About a minute afterwards, it appeared again, bearing a truss of straw. It stopped, listened awhile, and then, springing forward to the haystack, thrust the truss of straw into the hole, rammed it in tight⁠ ⁠… and struck a match. Instantly the straw was in flames and shot out many a blazing tongue, which presently burst into a sheet of red fire, spreading all over one side of the rick.

And Boryna, pitchfork in hand, head lowered, stood there watching, white as a sheet!

They at once realized their position; a ruddy glow already lit the darkness of the den where they lay, and a pungent smoke filled the air. They beat wildly about on one side and another, finding no issue, maddened with horror, and scarcely able to breath. But, by marvellous good luck, Antek happened upon the tarpaulin cover and, pushing with all his might, tore it down, falling to the ground along with it. Ere he could rise, Boryna was upon him with pitchfork raised to pin him to the earth.
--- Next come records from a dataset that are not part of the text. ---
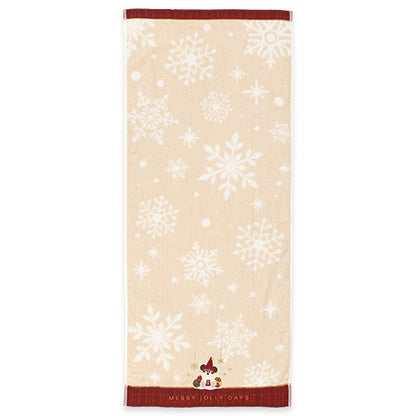 MID NOV PREORDER - Tokyo Disney Resort - Christmas 2025 - Lin Lin Lin - Mickey Mouse - Face Towel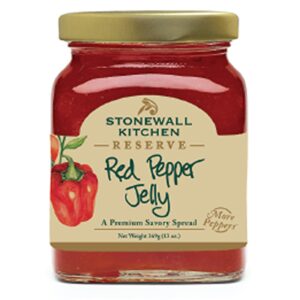Red Pepper Reserve Jelly 13oz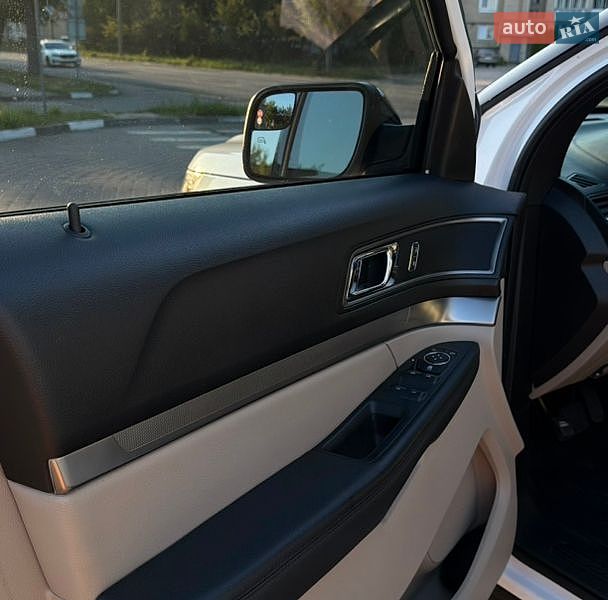 Внедорожник / Кроссовер Ford Explorer 2018 в Ивано-Франковске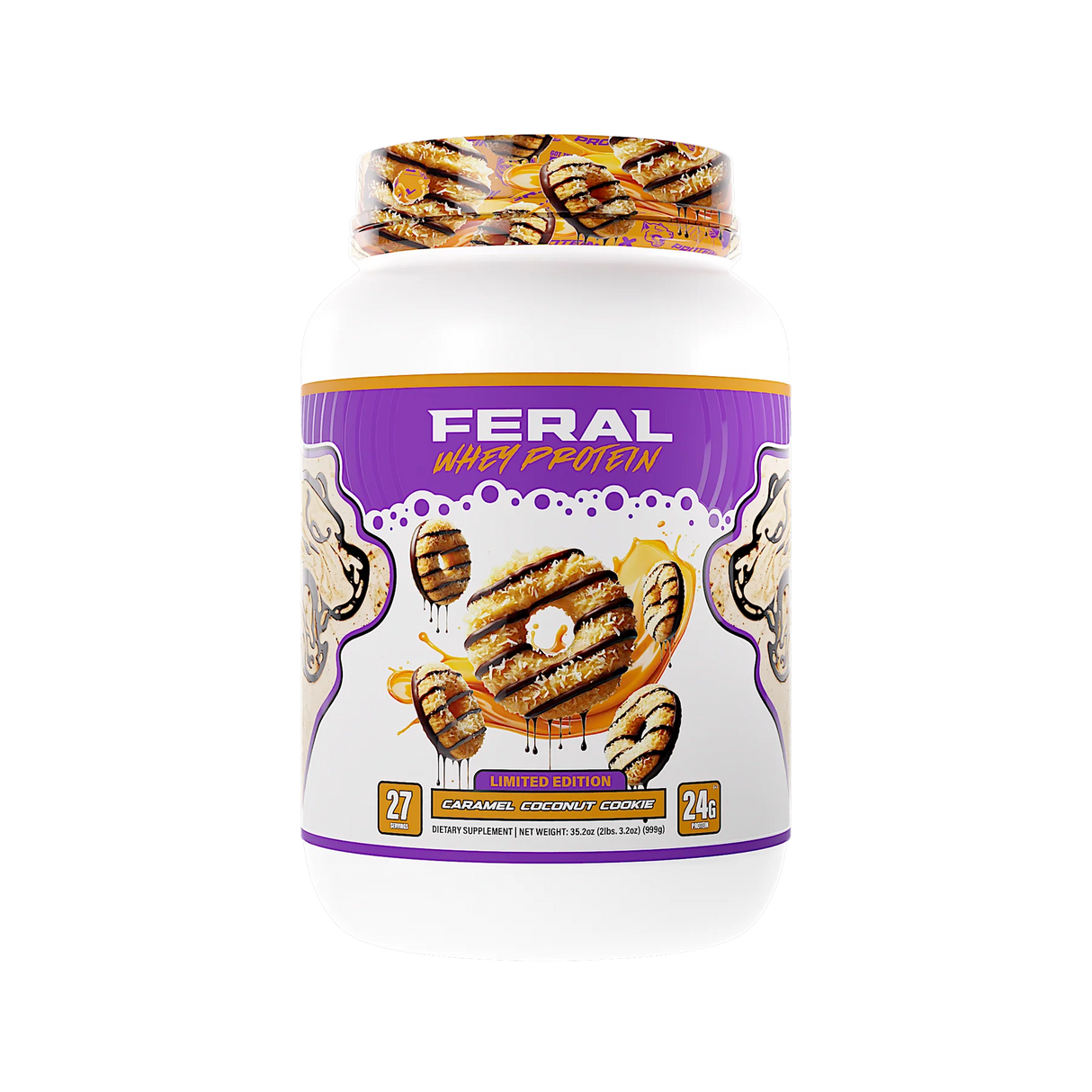 Feral Whey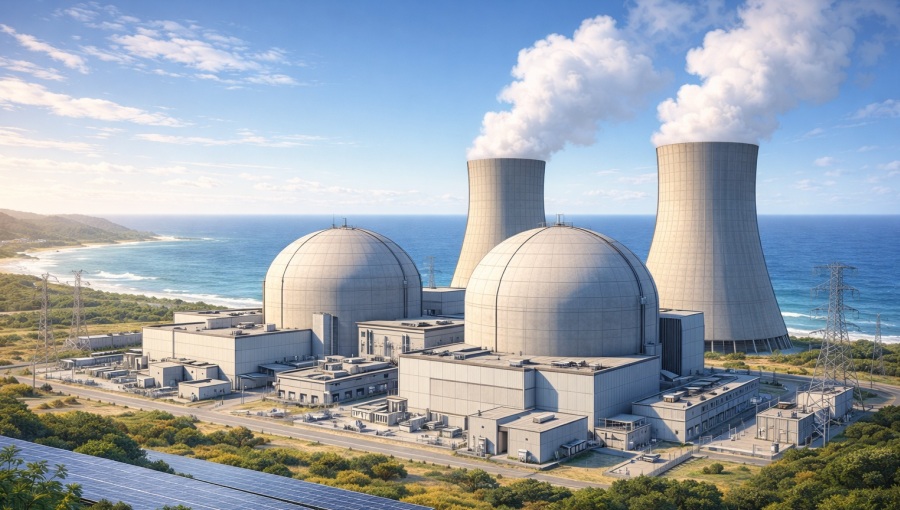 South Africa’s Eskom selects Thyspunt as preferred site for nuclear plant amid heritage risk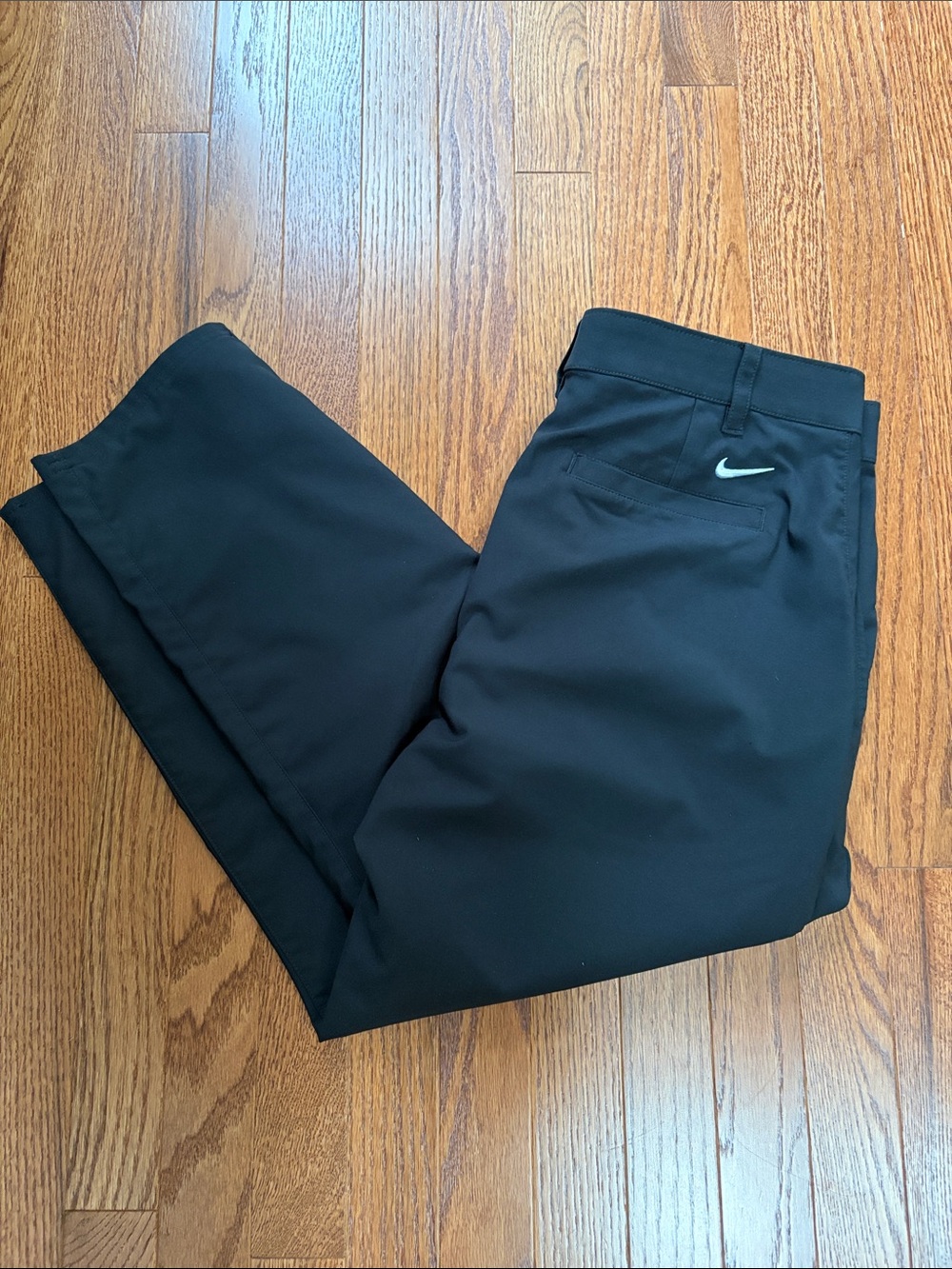 Nike Black Men's Performance Golf Pants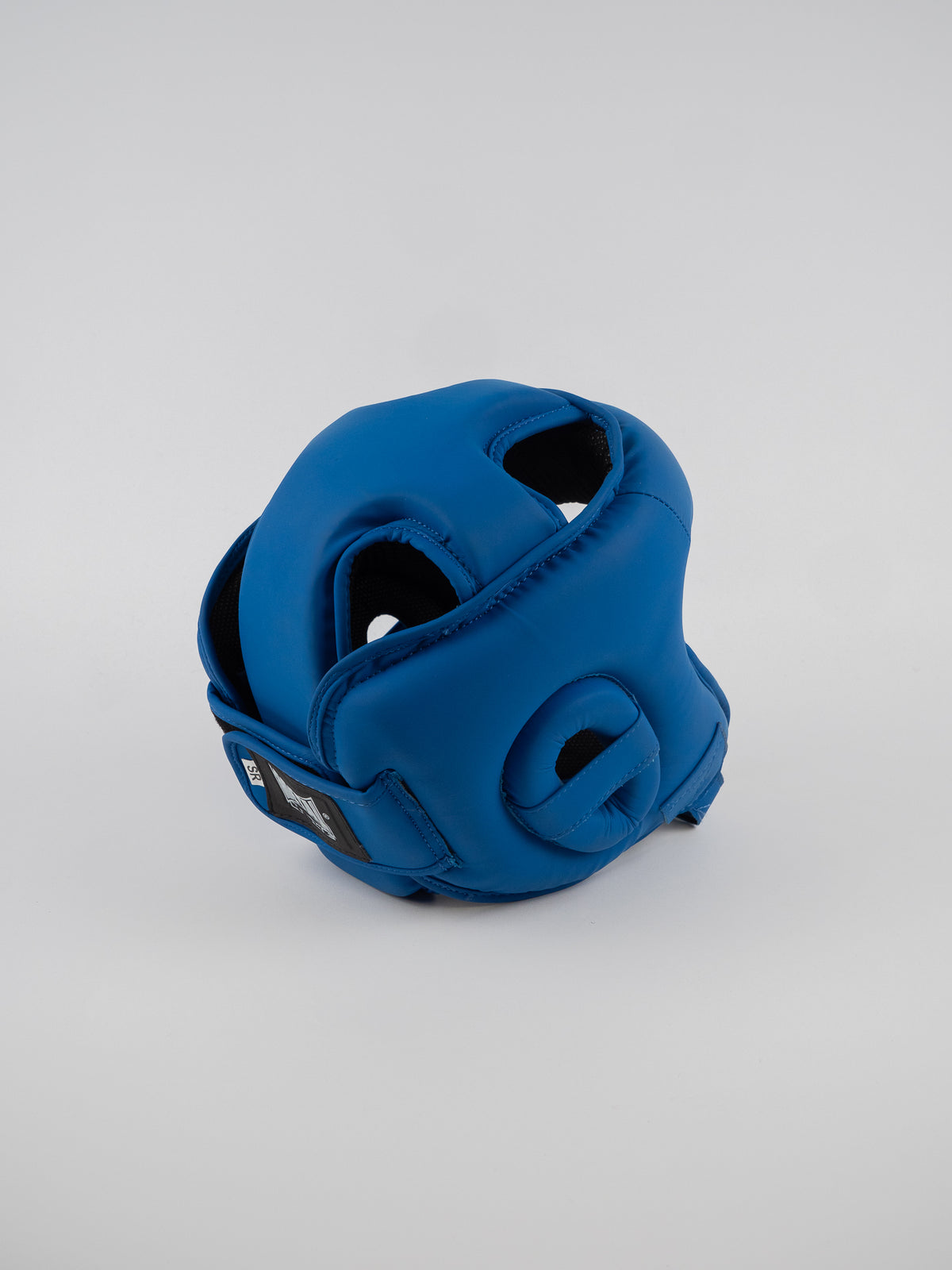 BLUE COMPETITION HELMET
He missed: Antek leaped up and, before the old man could aim a second thrust, felled him with a blow of his fist in the chest⁠—and fled.

Boryna, up in an instant, rushed to the haystack; but Yagna too was no longer there, having slipped out and disappeared in the night. And then, in the voice of one raving mad with rage, he roared out: “Fire! Fire!” and ran round the hayrick, wielding his pitchfork, and looking for all the world like a fiend in the bloodred glow.⁠ ⁠… —The fire had by now got complete hold of the stack⁠—hissing, humming, roaring, and raising on high its pillar of flame and of smoke.

Folk came along in haste; the cry of “Fire!” had quickly spread through the village. Someone had rung the alarm-bell, and every heart was throbbing with fear. But the flame of the conflagration rose ever higher and higher, waving its fiery mantle from side to side, and raining a torrent of red sparks over all the buildings, both near it and throughout the whole village.